Aiming to return to power, the BNP formed a four-party alliance on 6 January 1999 with its former political opinion Jatiya Party, and the Islamic party of Jamaat-e-Islami Bangladesh and the Islami Oikya Jot and launched several agitation programmes against the ruling Awami League. In the 2001 general elections BNP won the election with a two-thirds majority of seats in parliament and 46% of the vote (compared to the principal opposition party's 40%) and Khaleda Zia was once again sworn in as the Prime Minister of Bangladesh.

In 2008 election, they faced a landslide defeat. Khaleda led four-party alliance won only 32 seats and emerged as the smallest opposition party in the country's parliamentary history. They won only 32% of the total vote where their main rival Awami League won more than 50% of the total vote.

In the Tenth Jatiyo Sangsad election of 2014, the BNP along with its 18 party alliance boycotted and violently protested the election to no avail.

Sheikh Hasina (1996-2001, 2009-present)
Sheika Hasina lost to Khaleda Zia in 1991 parliamentary election after managing to win 88 seats and her party sat in opposition benches. She boycotted the 1996 February 15 elections giving Khaleda Zia a default victory.

Awami League won 146 seats in the 1996 June 12 parliamentary elections. The support of the Jatiya Party and a few independent candidates were enough for the 150 or more seats needed for the required majority. Hasina took the oath as the prime minister of Bangladesh. She vowed to create a Government of National Unity. Though some smaller parties and a few individuals from BNP did join the government, the distance between the main two political parties as well as their leaders remained as large as ever.

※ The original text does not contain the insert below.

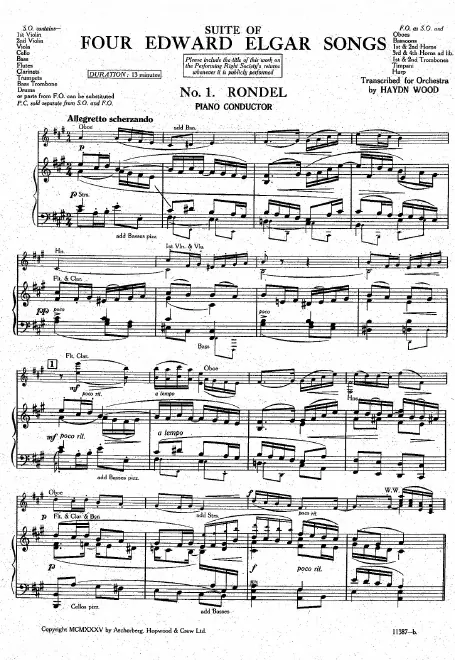 First page of Suite of Four Edward Elgar Songs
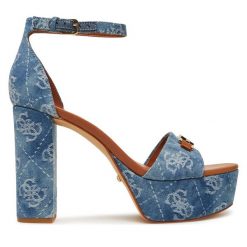 Sandały Guess. Niebieskie sandały Guess, z aplikacjami, bez obcasa, na słupku, bez zapięcia. Za 599.99 zł.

Awami League was defeated in the 2001 Parliament election. It won only 62 seats in the Parliament, while the Four-Party Alliance led by the Bangladesh Nationalist Party won more than 200 seats, giving them a two-thirds majority in the Parliament. Hasina herself was defeated from a constituency in Rangpur, which happened to contain her husband's hometown, but won from three other seats. Sheikh Hasina and the Awami League rejected the results, claiming that the election was rigged with the help of the President and the Caretaker government. However, the international community was largely satisfied with the elections and the Four-Party Alliance went on to form the government.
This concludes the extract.